FDA advisor Dr. Paul Offit on why he says another shot for most people is unnecessary, even with Omicron.

Illustration: Intelligencer. Photo: Getty Images
Illustration: Intelligencer. Photo: Getty Images

On November 29, a few days after South African scientists issued their first report on the Omicron variant, the CDC called for all adults to get a booster shot. The decision was based on the earliest data available on Omicron, which offered a preview of the variant’s ability to erode the protection of vaccines and prior infection, leading to increased transmissibility.

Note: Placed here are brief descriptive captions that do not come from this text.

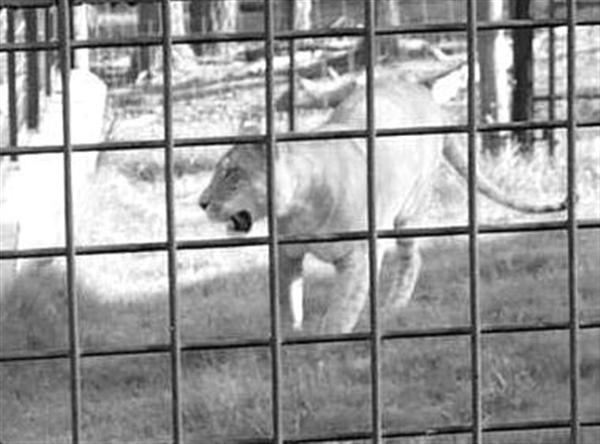 Liger in Japan. 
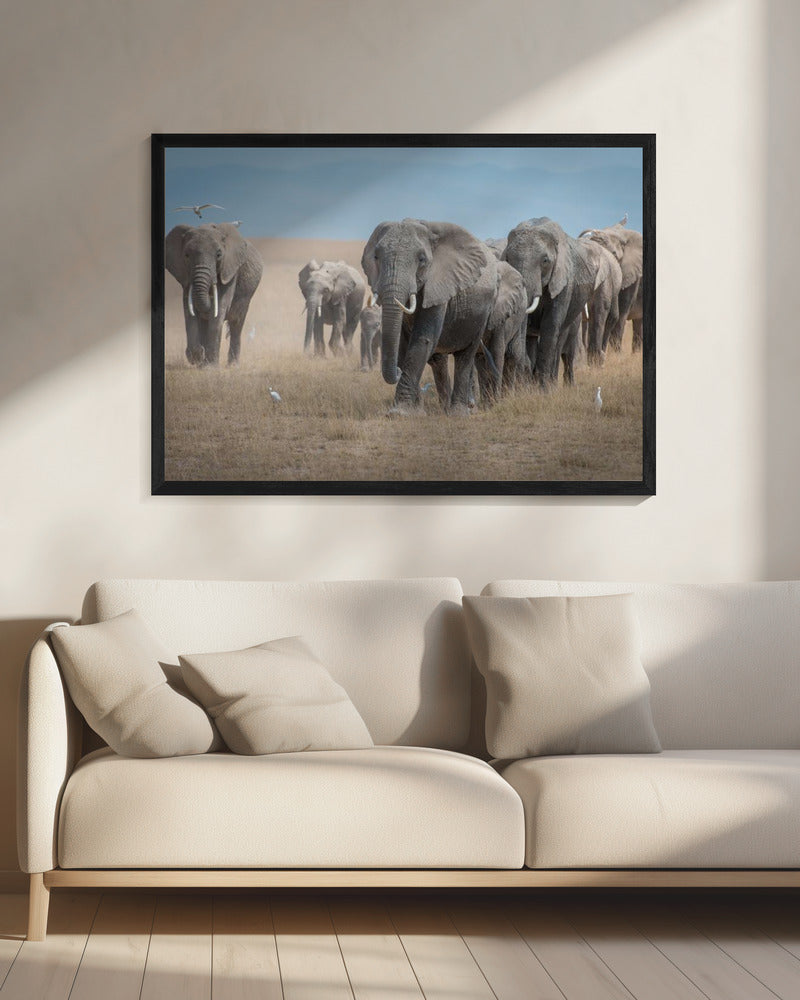 Remember the Titans | Canvas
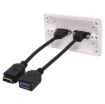 Flylead wallplate fitted with HDMI and USB Type C.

But not everyone agreed. As a member of the FDA’s vaccine advisory committee, Dr. Paul Offit, a professor of pediatrics at Children’s Hospital of Philadelphia, had not supported widespread boosting at the committee’s meetings in September and October when the agency authorized boosters for all adults. On the same day the CDC strengthened its recommendation, Offit co-authored an op-ed in the Washington Post with two former top officials in the FDA’s office of vaccine research who reportedly resigned in the fall in part because of their opposition to the FDA’s authorization of boosters for all. The trio wrote that they were in favor of boosters for people at high risk of serious illness, and those who might be in regular contact with the vulnerable, but they made an argument against boosters for all, writing that the focus on boosting interfered with vaccination campaigns and that vaccines continued to be extraordinarily effective, even against Omicron, which was in its infancy. Intelligencer called Offit to ask him about the latest data on Omicron and vaccines.

You’ve been vocal about your opposition to the idea that boosters can provide a path out of the pandemic. Has the latest data on Omicron changed anything for you?  

The evidence that we have so far is that protection against severe disease induced by two doses of an mRNA-containing vaccine — all of the data are obviously with Pfizer — is that you’re going to be protected against serious illness, meaning the kind of illness that causes you to go the doctor’s office, the hospital, or the ICU. And that’s what you would expect based on the other variants. The protection against serious illness is mediated by immunological memory cells, T-cells. Even though the virus’s spike-protein level drifts and mutates, the T-cells are conserved. So you’re seeing exactly what you would expect.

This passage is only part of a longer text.